--- REQUIRED ACTION ---
Return exactly the span of lines in the following data that opens with the line containing "Cupra Formentor 1.5" and closes with the line containing "Kelechi Iheanacho | Foto Twitter". Include nothing else.

--- THE RECORDS ---
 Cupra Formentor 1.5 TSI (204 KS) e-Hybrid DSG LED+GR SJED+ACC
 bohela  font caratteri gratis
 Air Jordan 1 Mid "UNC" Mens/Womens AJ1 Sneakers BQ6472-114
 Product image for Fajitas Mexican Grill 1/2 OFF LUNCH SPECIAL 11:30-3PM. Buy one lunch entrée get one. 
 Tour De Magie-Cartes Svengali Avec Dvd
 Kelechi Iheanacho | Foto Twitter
==
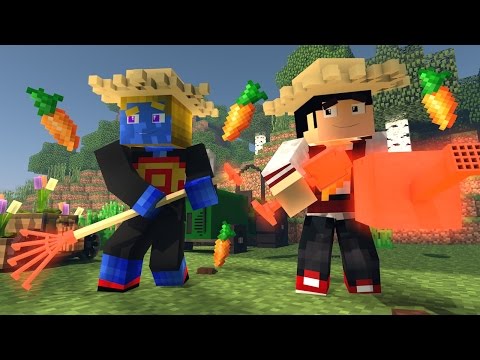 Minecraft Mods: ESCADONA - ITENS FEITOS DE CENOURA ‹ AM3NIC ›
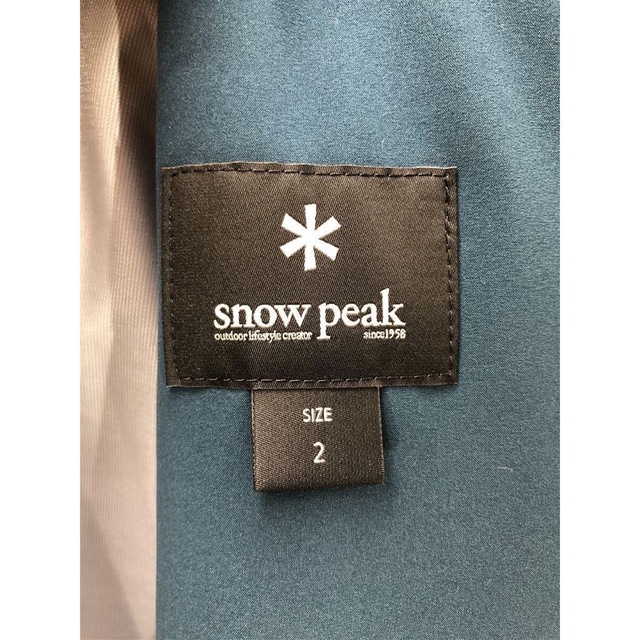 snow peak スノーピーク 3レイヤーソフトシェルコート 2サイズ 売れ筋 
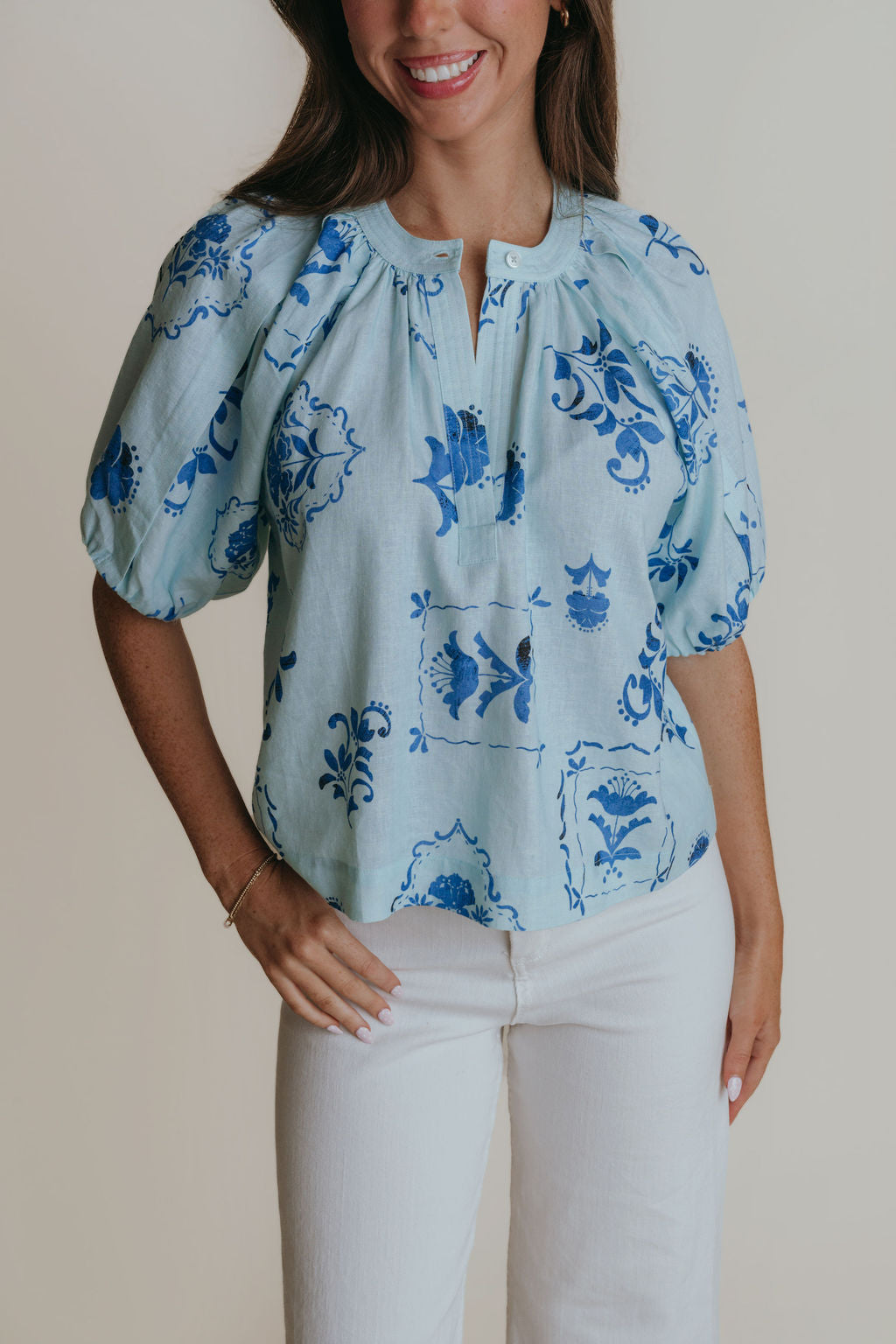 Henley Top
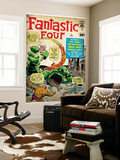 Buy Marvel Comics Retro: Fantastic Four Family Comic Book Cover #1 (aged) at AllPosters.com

--- OUTPUT FOR THIS EXERCISE ---
 Cupra Formentor 1.5 TSI (204 KS) e-Hybrid DSG LED+GR SJED+ACC
 bohela  font caratteri gratis
 Air Jordan 1 Mid "UNC" Mens/Womens AJ1 Sneakers BQ6472-114
 Product image for Fajitas Mexican Grill 1/2 OFF LUNCH SPECIAL 11:30-3PM. Buy one lunch entrée get one. 
 Tour De Magie-Cartes Svengali Avec Dvd
 Kelechi Iheanacho | Foto Twitter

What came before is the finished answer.